事実、このモロゾフの「ハロウィンキャンペーン」はすぐに同業者に広がり、第三代森永製菓社長の森永太平氏が会長を務める「全国菓子協会」が1981年から大々的に「ハロウィンキャンペーン」をスタートさせる。
『バレンタインデーを日本に持ち込んでチョコレートを売りまくり、味をしめた菓子業界が、今度は、欧米で盛大に行われているキリスト教の祭事「ハロウィーン」に目をつけ「十月三十一日のハロウィーンには、お菓子パーティーを開こう」というキャンペーンに乗り出すことになった』(日本経済新聞 1981年10月12日)
つまり、モロゾフにのっかった菓子業界が一丸となって「秋の記念日商戦」をつくりだそうとしていたところへ、サンリオやソニープラザなどの玩具、雑貨、文具を扱う業界も加わって、じわじわとキャンペーンが始まっていたところへ、『E.T.』の歴史的ヒットで一気に知名度が上がったのが「1983年の真実」なのだ。

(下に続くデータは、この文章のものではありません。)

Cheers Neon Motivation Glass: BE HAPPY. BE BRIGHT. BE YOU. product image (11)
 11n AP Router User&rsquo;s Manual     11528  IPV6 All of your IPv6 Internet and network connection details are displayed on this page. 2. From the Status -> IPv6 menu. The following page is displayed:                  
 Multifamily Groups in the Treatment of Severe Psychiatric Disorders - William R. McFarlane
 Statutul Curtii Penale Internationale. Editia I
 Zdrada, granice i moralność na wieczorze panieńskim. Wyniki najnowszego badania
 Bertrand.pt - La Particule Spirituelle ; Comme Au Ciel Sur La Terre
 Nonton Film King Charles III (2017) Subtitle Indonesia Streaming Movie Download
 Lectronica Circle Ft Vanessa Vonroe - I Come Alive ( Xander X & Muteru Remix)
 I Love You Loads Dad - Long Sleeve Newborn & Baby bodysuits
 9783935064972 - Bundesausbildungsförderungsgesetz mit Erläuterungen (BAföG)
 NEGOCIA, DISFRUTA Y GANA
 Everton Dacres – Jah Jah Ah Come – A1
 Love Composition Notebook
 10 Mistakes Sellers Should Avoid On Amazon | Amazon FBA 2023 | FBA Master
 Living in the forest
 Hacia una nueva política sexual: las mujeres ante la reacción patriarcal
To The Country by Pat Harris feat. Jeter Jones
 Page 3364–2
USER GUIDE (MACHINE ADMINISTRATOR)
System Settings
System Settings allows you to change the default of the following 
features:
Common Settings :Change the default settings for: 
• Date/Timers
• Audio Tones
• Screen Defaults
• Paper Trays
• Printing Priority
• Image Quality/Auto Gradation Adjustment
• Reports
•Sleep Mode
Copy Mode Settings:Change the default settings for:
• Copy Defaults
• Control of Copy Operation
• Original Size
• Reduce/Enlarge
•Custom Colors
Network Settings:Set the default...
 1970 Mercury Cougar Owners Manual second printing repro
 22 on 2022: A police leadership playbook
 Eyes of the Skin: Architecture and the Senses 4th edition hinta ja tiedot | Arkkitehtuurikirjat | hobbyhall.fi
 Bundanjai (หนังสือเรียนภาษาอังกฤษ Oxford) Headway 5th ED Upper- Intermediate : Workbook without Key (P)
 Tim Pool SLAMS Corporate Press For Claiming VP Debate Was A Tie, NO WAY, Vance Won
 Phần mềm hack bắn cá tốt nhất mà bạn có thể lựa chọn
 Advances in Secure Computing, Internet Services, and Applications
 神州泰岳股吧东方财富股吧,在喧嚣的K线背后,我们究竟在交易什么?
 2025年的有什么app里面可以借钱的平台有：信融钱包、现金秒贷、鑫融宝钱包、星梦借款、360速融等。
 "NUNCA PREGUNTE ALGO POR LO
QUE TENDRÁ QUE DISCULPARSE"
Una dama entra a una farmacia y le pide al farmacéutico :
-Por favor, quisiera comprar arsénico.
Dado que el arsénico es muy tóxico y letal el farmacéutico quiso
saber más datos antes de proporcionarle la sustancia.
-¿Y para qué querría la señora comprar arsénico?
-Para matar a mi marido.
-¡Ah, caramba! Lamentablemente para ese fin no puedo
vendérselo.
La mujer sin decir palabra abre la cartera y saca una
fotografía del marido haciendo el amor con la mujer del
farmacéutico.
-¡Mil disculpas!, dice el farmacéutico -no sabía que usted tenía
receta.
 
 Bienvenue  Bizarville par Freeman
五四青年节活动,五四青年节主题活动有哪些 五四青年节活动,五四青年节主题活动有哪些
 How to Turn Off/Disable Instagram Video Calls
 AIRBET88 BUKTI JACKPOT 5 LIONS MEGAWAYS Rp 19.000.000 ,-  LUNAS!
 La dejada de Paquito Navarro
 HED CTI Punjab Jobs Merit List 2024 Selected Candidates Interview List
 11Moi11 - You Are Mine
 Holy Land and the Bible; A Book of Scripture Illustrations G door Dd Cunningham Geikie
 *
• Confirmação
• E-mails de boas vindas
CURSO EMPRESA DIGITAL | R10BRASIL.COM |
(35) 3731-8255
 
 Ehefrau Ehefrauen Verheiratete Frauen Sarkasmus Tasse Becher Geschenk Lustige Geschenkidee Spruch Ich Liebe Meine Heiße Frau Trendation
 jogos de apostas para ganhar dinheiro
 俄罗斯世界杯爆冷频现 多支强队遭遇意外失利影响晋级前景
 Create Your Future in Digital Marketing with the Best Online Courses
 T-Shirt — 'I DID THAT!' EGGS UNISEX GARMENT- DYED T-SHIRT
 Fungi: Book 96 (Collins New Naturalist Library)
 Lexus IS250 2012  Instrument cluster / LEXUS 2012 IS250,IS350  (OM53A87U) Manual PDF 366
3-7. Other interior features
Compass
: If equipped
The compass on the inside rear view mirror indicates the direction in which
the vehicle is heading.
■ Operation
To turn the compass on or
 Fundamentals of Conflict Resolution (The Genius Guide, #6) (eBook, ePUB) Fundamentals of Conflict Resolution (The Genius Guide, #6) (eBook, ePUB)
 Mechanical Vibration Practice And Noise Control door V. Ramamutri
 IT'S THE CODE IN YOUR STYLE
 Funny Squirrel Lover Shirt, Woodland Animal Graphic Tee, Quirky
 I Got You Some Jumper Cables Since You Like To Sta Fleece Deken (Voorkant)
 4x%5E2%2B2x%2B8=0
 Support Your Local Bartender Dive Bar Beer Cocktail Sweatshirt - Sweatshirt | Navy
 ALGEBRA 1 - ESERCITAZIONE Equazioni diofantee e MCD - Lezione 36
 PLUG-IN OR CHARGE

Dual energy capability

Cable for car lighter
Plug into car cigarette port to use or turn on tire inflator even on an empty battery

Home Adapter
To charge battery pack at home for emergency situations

ただ、これで「ハロウィン」がトントン拍子で、日本社会に浸透したかというとそうでもない。1997年に始まったカワサキハロウィンが当初150人程度しか集まらず、主催者が『今だから言えますが、半分は仕込みでした』(AERA 2014年10月27日)と振り返るように、実は1980年代後半から1990年後半にかけて日本のハロウィンは存続の「危機」を迎えていたのである。
なぜか。実はこの時期、百貨店など小売業界で、そこまで「ハロウィン」は稼げるネタとして期待されていなかった。1992年に米国に留学中だった高校生が、友人のハロウィンパーティーに招かれて仮装して出かけたものの、家を間違えて射殺されるという悲劇が報じられたことで、ネガティブなイメージが広まっていたこともあるが、なによりも10月の記念日商戦の「大本命」とされていた別のイベントがあったからだ。それがよく分かる言葉を、西武百貨店渋谷店の売り場担当者が述べている。
『昨年あたりから始めた10月31日のハロウィンも、パーティーウエアが売れる程度で、ギフト商戦としてはいまひとつ。ボスデーは業界にとってみれば格好のイベント』(朝日新聞 1988年10月13日)
ボスデー? なんじゃそりゃ? と首を傾げる方も多いかもしれないが、これは1958年に米国で始まった記念日。10月16日を「ボスの日」と定め、この日ばかりは部下が上司の苦労をねぎらって、ランチに招待したり、プレゼントを贈るというものだ。ちなみに、その逆が4月21日の「セクレタリーズデー」(秘書の日)。この2つをセットにしたキャンペーンが、80年代後半から90年代の中ごろにかけて、百貨店業界でゴリゴリに行われていたのだ。